# 26-28 inch shotgun barrel lenth



## Steve G (Nov 29, 2016)

I am interested in picking up a 20 gauge semi-auto for waterfowl hunting and have been considering the Franchi Affinity. I like the price but not sure that I'd like the 26" barrel. Have any of you shot both a 26" barrel and a 28" barrel and experienced a difference in feel?


----------



## wagdog (Jan 6, 2009)

I haven't shot the Affinity but i have shot plenty of shotguns (pumps and autos) with a 26 or 28 inch barrel. In my experience, it depends on the gun. Sometimes the balance of the gun is more weight forward which is what I like for waterfowl. Sometimes it isn't and the 26 vs 28 inch barrel of the same model of shotgun doesn't matter that much. Pick up both models if you can and try to get a feel for them. If you can't tell a difference, the birds won't either. 

My chukar gun has a 26 inch barrel and I can miss them just as easy as with my 28 inch duck gun. I think the only time I could tell some discernible difference in how one swung vs the other was in a couple of Remington 1100s. The longer barrel felt like it swung a little slower and wasn't quite as "whippy." Others I can't really tell other than you are 2 inches closer to the birds with that 28 inch barrel!


----------



## Fowlmouth (Oct 4, 2008)

I will make this easy for you. Get the 26" barrel. I have the Weatherby SA-08 20 ga. with the 26" barrel and my daughter has the Franchi Affinity with the 26" barrel. If you like aftermarket chokes in the extended version they will add an extra 2" anyway. All of my 12 gauges have 28" barrels, and to be quite honest I would have no problem purchasing one with a 26" barrel. I don't believe there is any advantage to having a longer barrel other than what was mentioned about balance.

Goosefreak and I had this conversation last year and we both went for the 26" barrels on our new 20 gauges.

Oh, and BTW I shoot the 20 gauge better than I do my 12's. Love that gauge!


----------



## BPturkeys (Sep 13, 2007)

Not on the Franchi, but I have had both my 870's, 12 & 20, cut down to approx 24 inchs. I love that short lenght. They are a dream to carry in the field, handle and point nicely. The shorter barrel is especially nice in a sitting position like a turkey setup or duck blind. No need or reason for long barrels today, just use the right choke.


----------



## toasty (May 15, 2008)

I have 24", 26", and 28" barrels on 20ga semiauto shotguns.
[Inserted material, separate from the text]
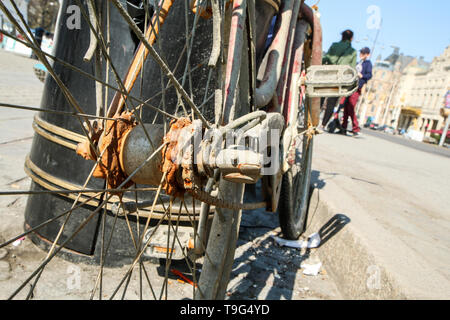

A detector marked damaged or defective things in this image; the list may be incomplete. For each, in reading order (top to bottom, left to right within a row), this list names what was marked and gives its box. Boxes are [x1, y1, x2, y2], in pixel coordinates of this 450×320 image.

rust patch [160, 117, 192, 198]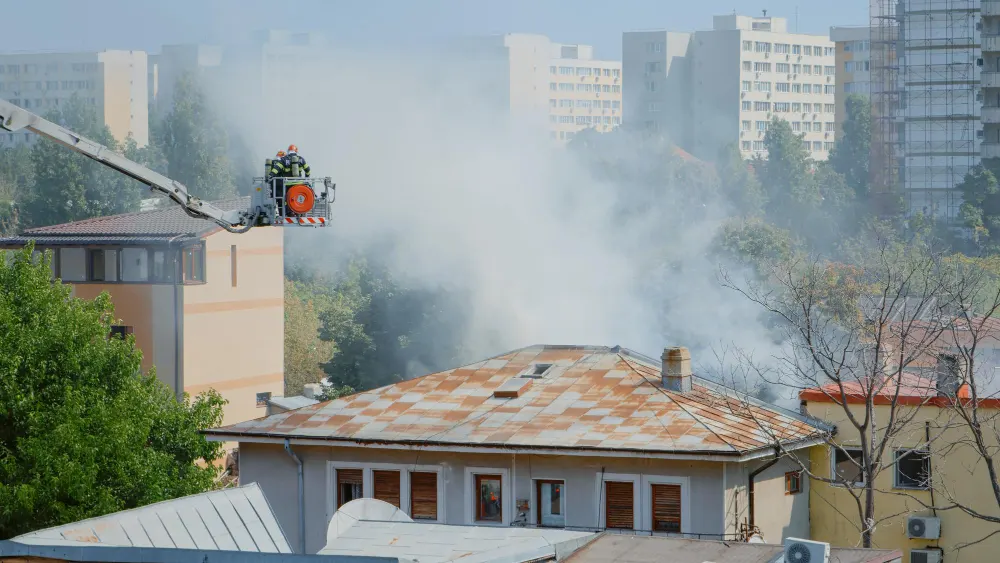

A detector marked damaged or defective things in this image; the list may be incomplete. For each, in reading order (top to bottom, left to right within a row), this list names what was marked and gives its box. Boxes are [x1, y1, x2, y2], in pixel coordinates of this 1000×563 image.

rusty metal roof [205, 346, 828, 456]
rusty metal roof [12, 482, 292, 552]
A 28" swings slower and is perfect for ducks and pheasants, but is slow for doves and quail. I hunt doves with a 24" and a 26" and then have to make an adjustment to my swing when I duck hunt. It takes a couple hunts to get used to the new swing. I don't like 24" for ducks, it is too fast and I miss more with that vs a 28" barrel. All of them work for turkeys, but sure it nice to hike with a shorter shotgun if it is thick and nasty. Bottom line, 26" works for everything and is the perfect length for a 20ga semi auto imo. 

For O/U, 26" is too short for everything, I like a minimum of 28", but 30" is better.


----------



## rjefre (Sep 8, 2007)

I have a few Franchi 20 gauges. I prefer the 26" barrel. I've never felt the need for a longer barrel and the balance is nice with the 26" Franchi.
R


----------



## Steve G (Nov 29, 2016)

Thanks guys. Great answers. I have a 26 inch barrel on my Ruger Red label o/u in 20 and I just don't like it for anything other than upland. I guess that is where my concern came from. The new 20 would only be used for waterfowl. it seems like the extra few inches give me a better sense of point-ability if that makes any sense.
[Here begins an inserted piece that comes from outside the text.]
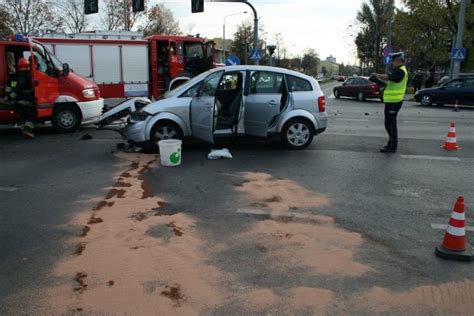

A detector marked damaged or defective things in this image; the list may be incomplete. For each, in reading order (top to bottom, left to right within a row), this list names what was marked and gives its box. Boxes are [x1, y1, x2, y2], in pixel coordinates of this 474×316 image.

damaged silver minivan [95, 65, 326, 150]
I'll go swing it around in the shop this weekend.


----------



## AF CYN (Mar 19, 2009)

I went through the same process as you last Spring. For some reason, I just really wanted a 28" barrel. In the end, I think there were only two manufacturers that made a 20 ga. semi-auto with a 28" barrel--Weatherby SA-08 and Winchester SX3. The Winchester is a better gun, but is 2x more expensive. I bought the SA08 with a 28" barrel from Cabelas on special order. They gave me a smokin' deal! PM if you want more info. I really like the gun. 

My Mossberg with a 26" points faster, but I think I shoot better and feel more fluid with the 28". I don't know if it is balance, steady swing, or some other abstract quality of "pointability."


----------



## dubob (Sep 8, 2007)

Steve G said:


> I am interested in picking up a 20 gauge semi-auto for waterfowl hunting and have been considering the Franchi Affinity. I like the price but not sure that I'd like the 26" barrel. Have any of you shot both a 26" barrel and a 28" barrel and experienced a difference in feel?
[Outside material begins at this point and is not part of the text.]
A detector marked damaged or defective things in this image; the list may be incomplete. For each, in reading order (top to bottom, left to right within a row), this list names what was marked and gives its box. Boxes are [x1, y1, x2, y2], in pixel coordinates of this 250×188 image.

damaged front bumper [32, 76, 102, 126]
If you are considering 26" v 28" barrel on the same make/model shotgun, then there will be NO discernable difference in feel between the 2. When you compare different makes/models (say Win v. Rem), then MAYBE you might feel a difference. You will always feel a difference when comparing stack barrels (O/U)with single barrels (Semi/Pump). Receivers on semi/pump guns are anywhere from 3 to 5 inches longer than stack barrels.

I shoot a 28" Beretta AL390 and a 26" Browning Maxus for waterfowl. Both 12's and I shoot both with no difference in my success rate. I don't plan on getting rid of either gun any time soon.


----------



## wagdog (Jan 6, 2009)

I'd buy a Weatherby SA-08 in 20 gauge. I've shot AF CYN's and it is a sweet gun. You could shoot target loads and 2 3/4 game loads all day and it doesn't hurt. I think everyone's biggest complaint is that you have to change the gas cylinder to go from light/target loads to heavy loads. I think it takes all of 45 seconds to change out. It is light enough to carry in chukar country and extremely pleasant to shoot. Hard to beat.


----------



## JerryH (Jun 17, 2014)

I have a 28" SX3 20ga that is a great gun. I like it for clay games but have shot some ducks with it. I have a 26" Beretta 390 - 20ga that is just a slice of heaven. I've nicknamed it Big Medicine. With the 26" barrel it is so snappy popping out of a layout blind. It is a fast pointing gun for me. For hunting I shoot the 26" Beretta better. Clay targets I shoot the 28" SX3 better. Kind of weird


----------



## caddis8 (Sep 10, 2007)

I thought long and hard last year. Got SX3 12 and thought between 26 or 28. I read and read and read. Somewhere I read 27" was the ideal swing length so bought 26". With my extended tubes I shoot it is 27". It swings nice and really like it. 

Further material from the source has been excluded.